Robotic Arm Motion Control
Initially, my idea was that when the camera recognizes a gesture, it would send a control command to the robotic arm. Let’s start with a simple action, setting the robotic arm to perform a nodding motion.
The pymycobot library offers many functions that are very convenient for controlling the robotic arm.
from pymycobot.mycobot import Mycobot
import time
# connect robot arm
mc = Mycobot(port,baud)
#Control the movement of the robotic arm using angles
mc.send_angles([angles_list],speed)
#Control the movement of the robotic arm using coordinates
mc.send_coords([coords_list],speed,mode)
# Nodding action
def ThumpUpAction(self):
self.mc.send_angles([0.96, 86.22, -98.26, 10.54, 86.92, -2.37], 60)
time.sleep(1.5)
for count in range(3):
self.mc.send_angles([0.79, 2.46, (-8.17), 4.3, 88.94, 0.26], 70)
time.sleep(1)
self.mc.send_angles([(-3.6), 30.32, (-45.79), (-46.84), 97.38, 0.35], 70)
time.sleep(1)
self.mc.send_angles([0.79, 2.46, (-8.17), 4.3, 88.94, 0.26], 70)
time.sleep(1)
self.mc.send_angles([0.96, 86.22, -98.26, 10.54, 86.92, -2.37], 60)
To enhance the readability and modifiability of the overall code, it’s beneficial to create a robotic arm class for easy calling and modification.
class RobotArmController:
def __init__(self,port):
self.mc = MyCobot(port, 115200)
self.init_pose = [0.96, 86.22, -98.26, 10.54, 86.92, -2.37]
self.coords = [-40, -92.5, 392.7, -92.19, -1.91, -94.14]
self.speed = 60
self.mode = 0
def ThumpUpAction(self):
...
def OtherAction(self):
...
Program Logic Processing
During debugging, some issues arose.
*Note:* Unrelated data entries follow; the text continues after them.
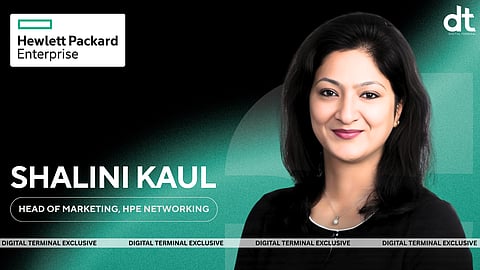 Shalini Kaul Takes Charge as Head of Marketing for HPE Networking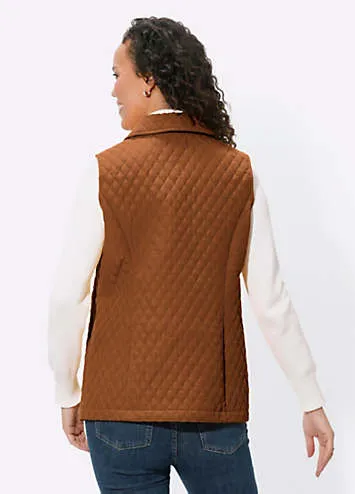 Witt Quilted Gilet | Grattan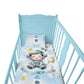Lamb on a Cloud Little Astronaut Cot Set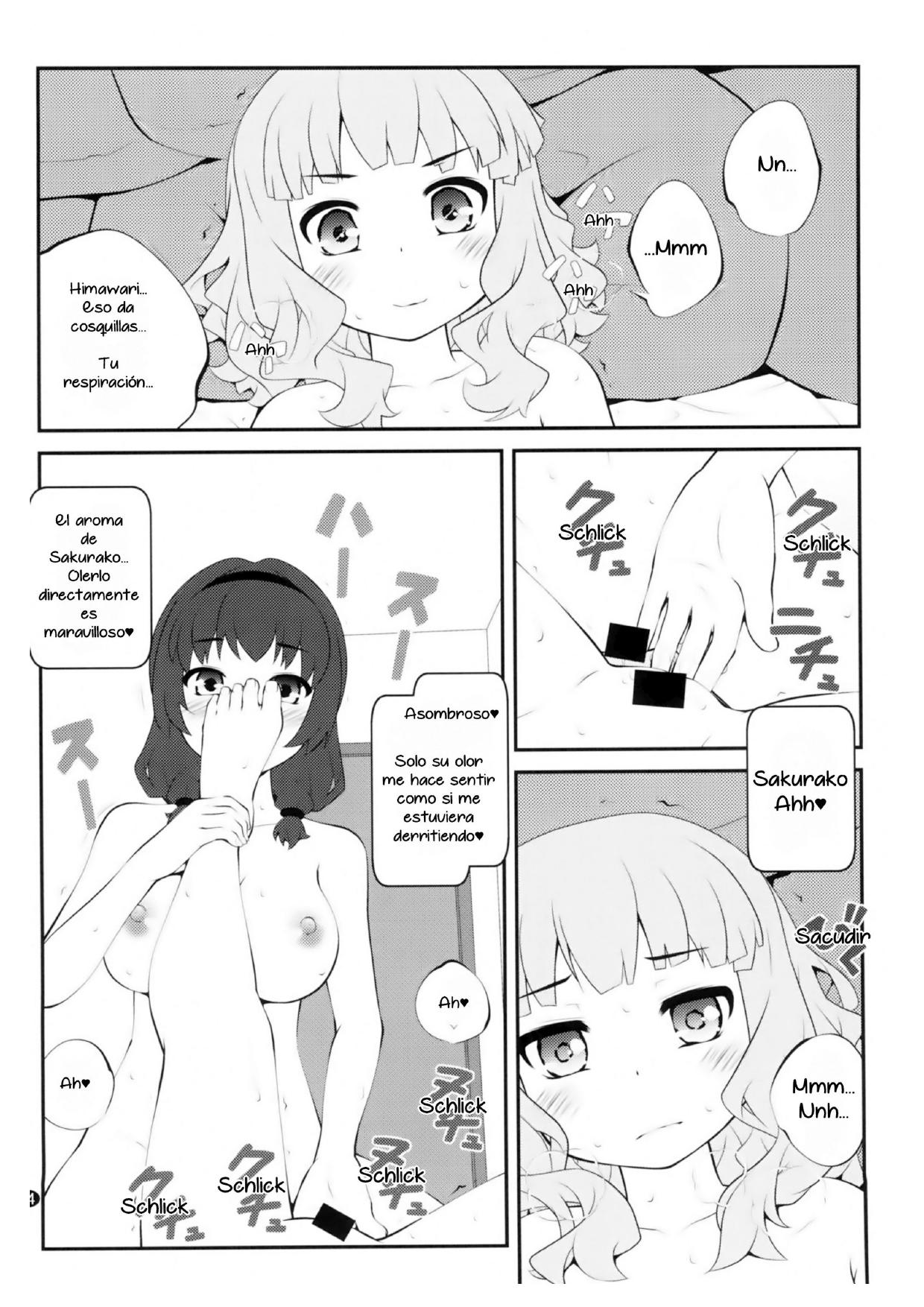 Himegoto Flowers 14 | Secret Flowers 14 page 3 full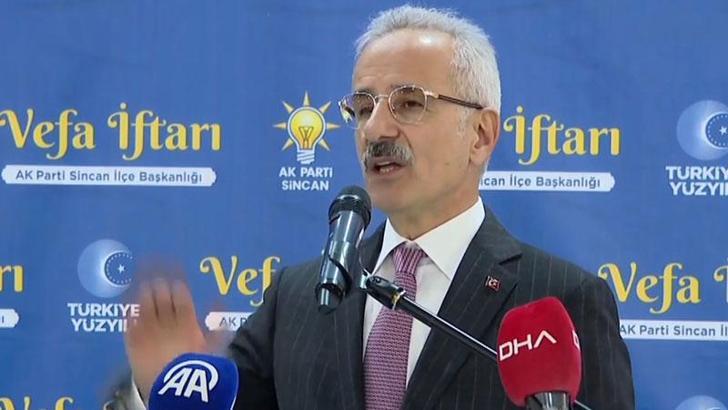 Bakan Uraloğlu: 97 milyon insanımızı yüksek hızlı trenle taşıdık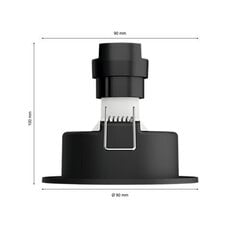 Philips встроенный точечный светильник Hue Centura цена и информация | Монтируемые светильники, светодиодные панели | kaup24.ee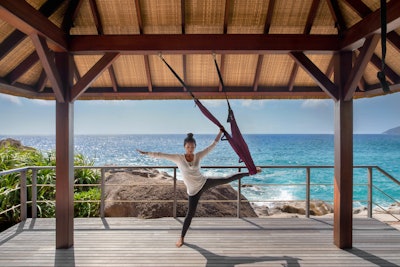 Another company leaning into wellness is Six Senses, which has launched female wellness programs tailored to address the unique health concerns of women—particularly during perimenopause, menopause, and throughout their menstrual cycles. The program includes noninvasive wellness screenings, continuous glucose monitoring, and personalized plans incorporating fasting synced with hormonal cycles. Starting with five properties this year, Six Senses plans to expand these programs globally.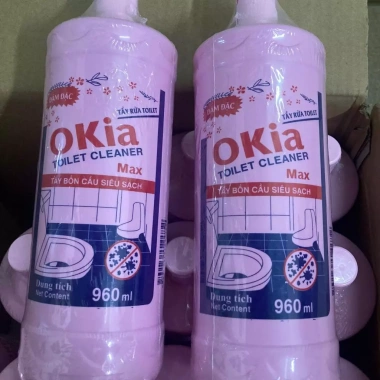 Combo 1 Thùng 12 Chai Tẩy Okia Đậm Đặc - Siêu Sạch cho Nhà Hàng và Khách Sạn 170k 3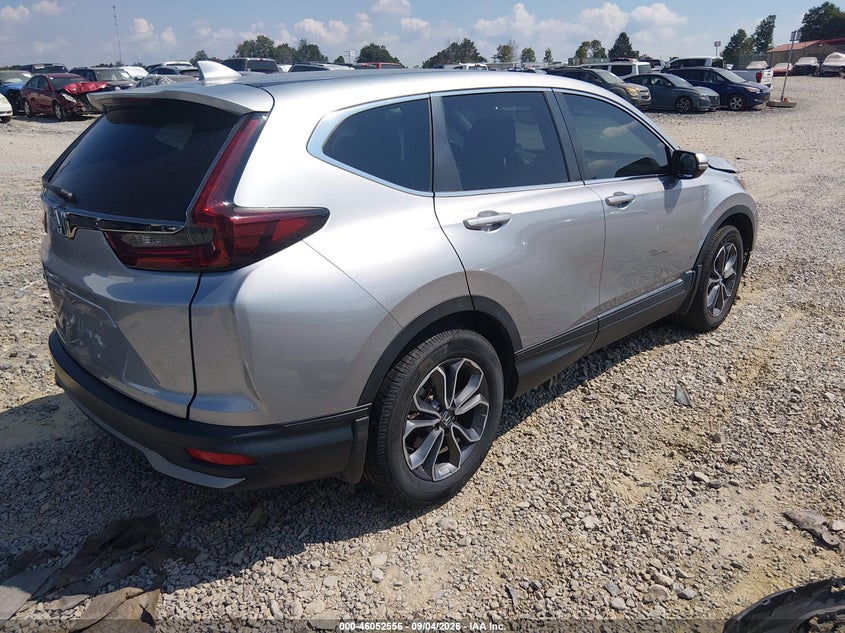 Vin: 5j6rw1h87na011983, lot: 46552077, honda cr-v 2wd ex-l 20224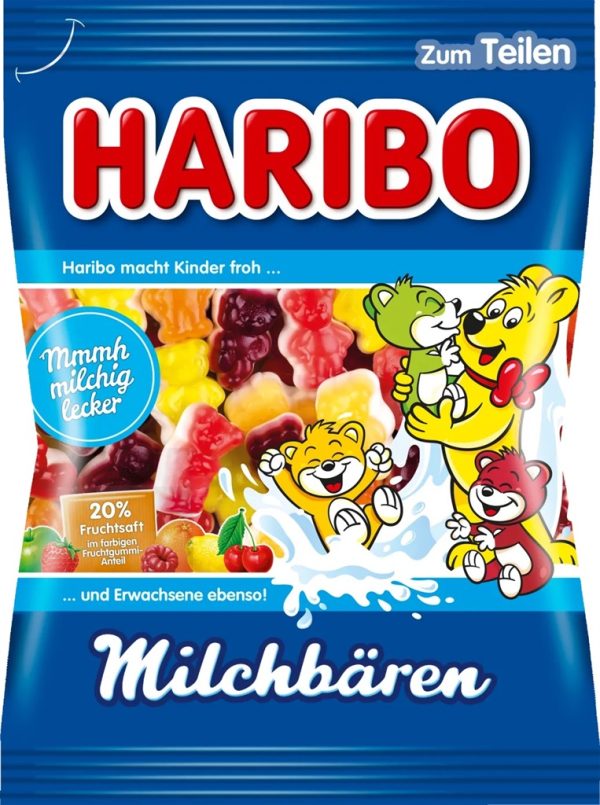 HARIBO MILCHBAREN  16 / 160 G.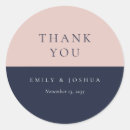 Search for blush and navy stickers Minimalist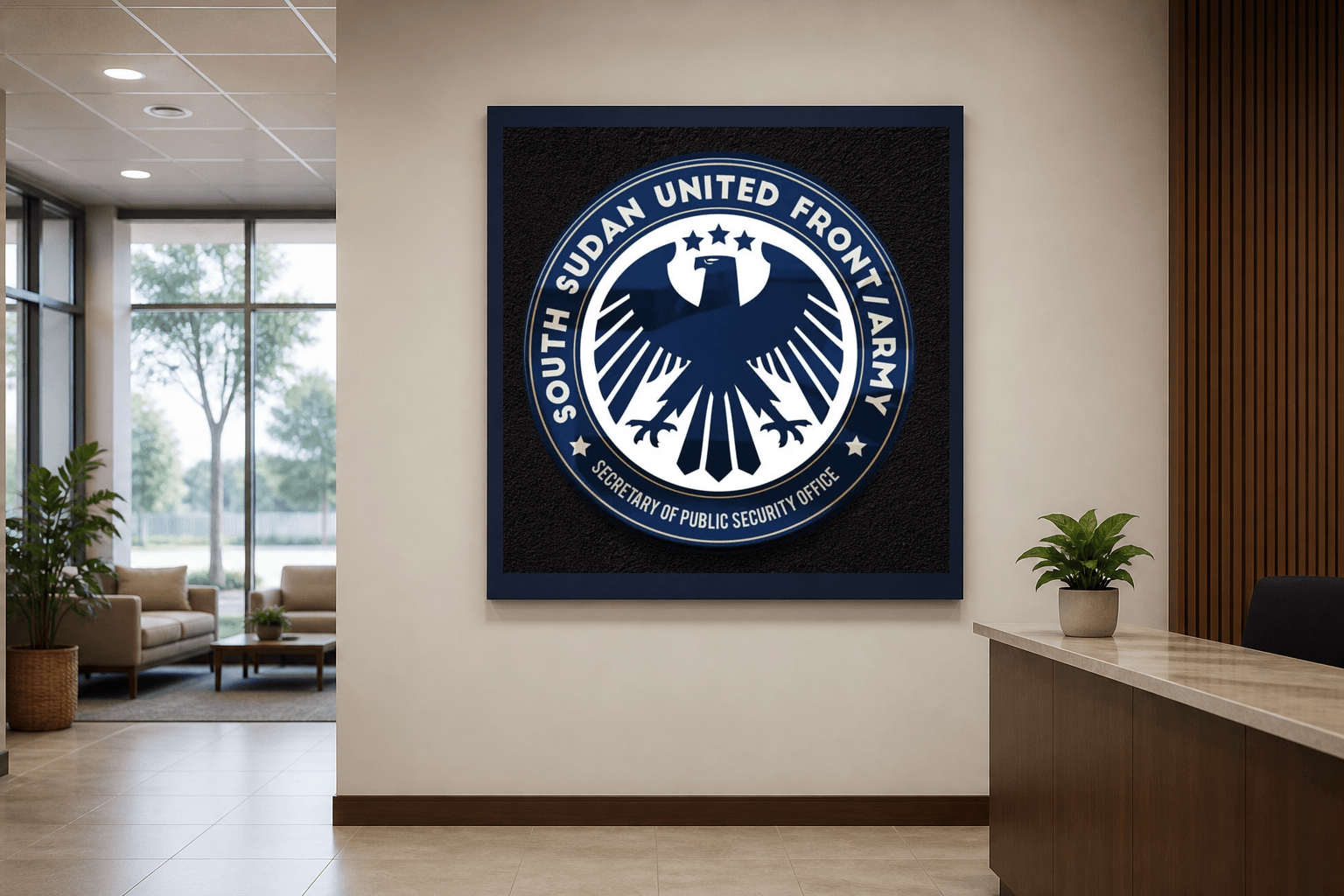 Institutional office emblem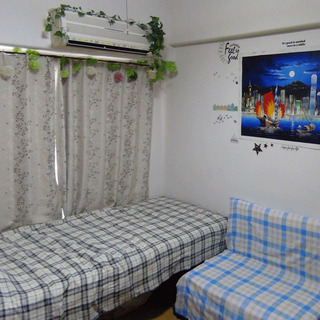 室見駅から１分間、家具付き、水電WiFi込、マンション８階 - 福岡市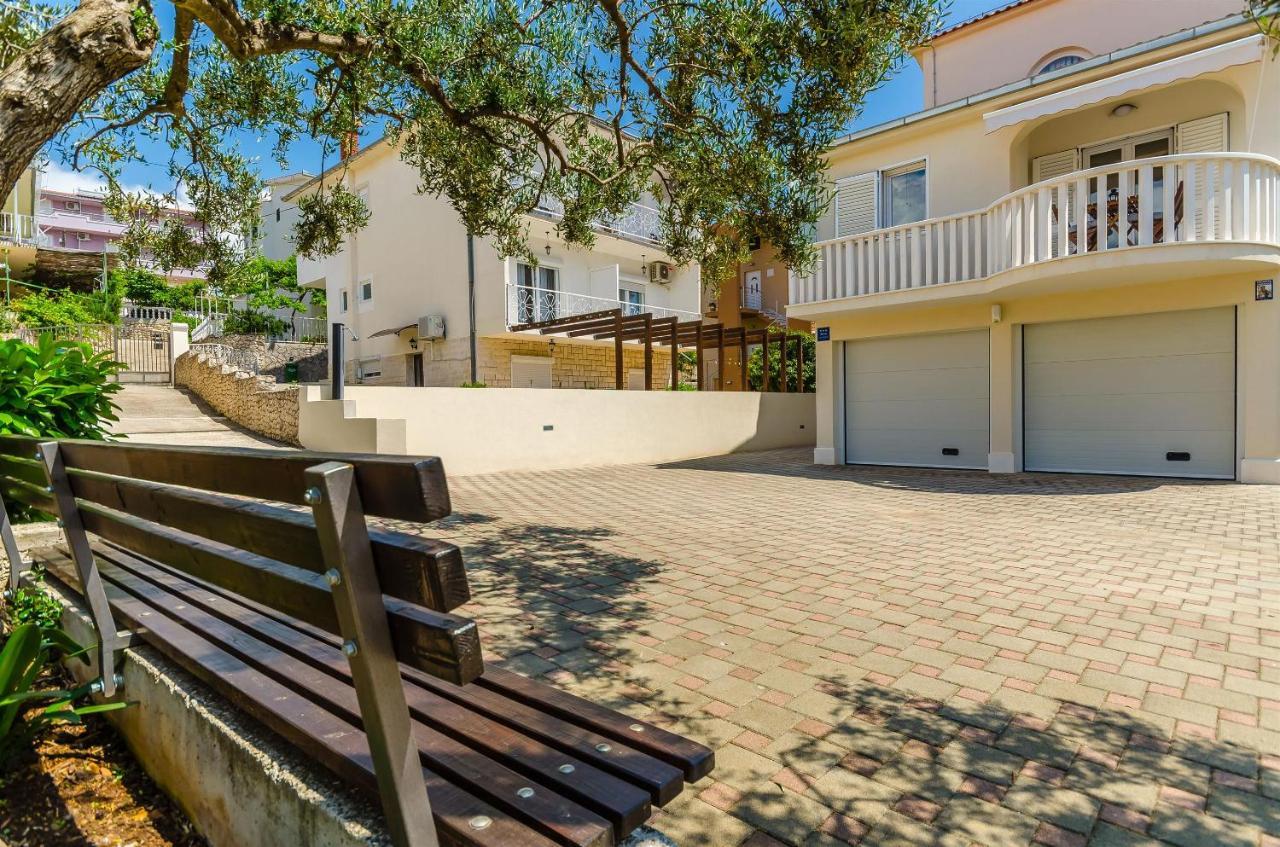 Guesthouse Dubravka Trogir Eksteriør billede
When recognizing gestures, continuous recognition meant that if a gesture was recognized 10 times in 1 second, 10 commands would be sent to the robotic arm. This was not what I initially envisioned.
Therefore, logical adjustments were needed. Here’s how I addressed it:
# Set a 2-second timeframe to confirm the gesture. Only when a thumbs-up gesture is maintained for 2 seconds, the command to control the robotic arm is issued, using a control variable approach.
#init
#Variable to detect whether gesture exists
gesture_detected = False
#Variable that determines the timing after the gesture appears
gesture_start_time = None
# Set the variable 2s after the gesture appears
gesture_confirmation_time = 2
# When a specific gesture appears, gesture_start_time begins to count. During this period, continuous checks are made. If 2 seconds have passed, the gesture is confirmed, and then the corresponding robotic arm movement for that gesture is executed.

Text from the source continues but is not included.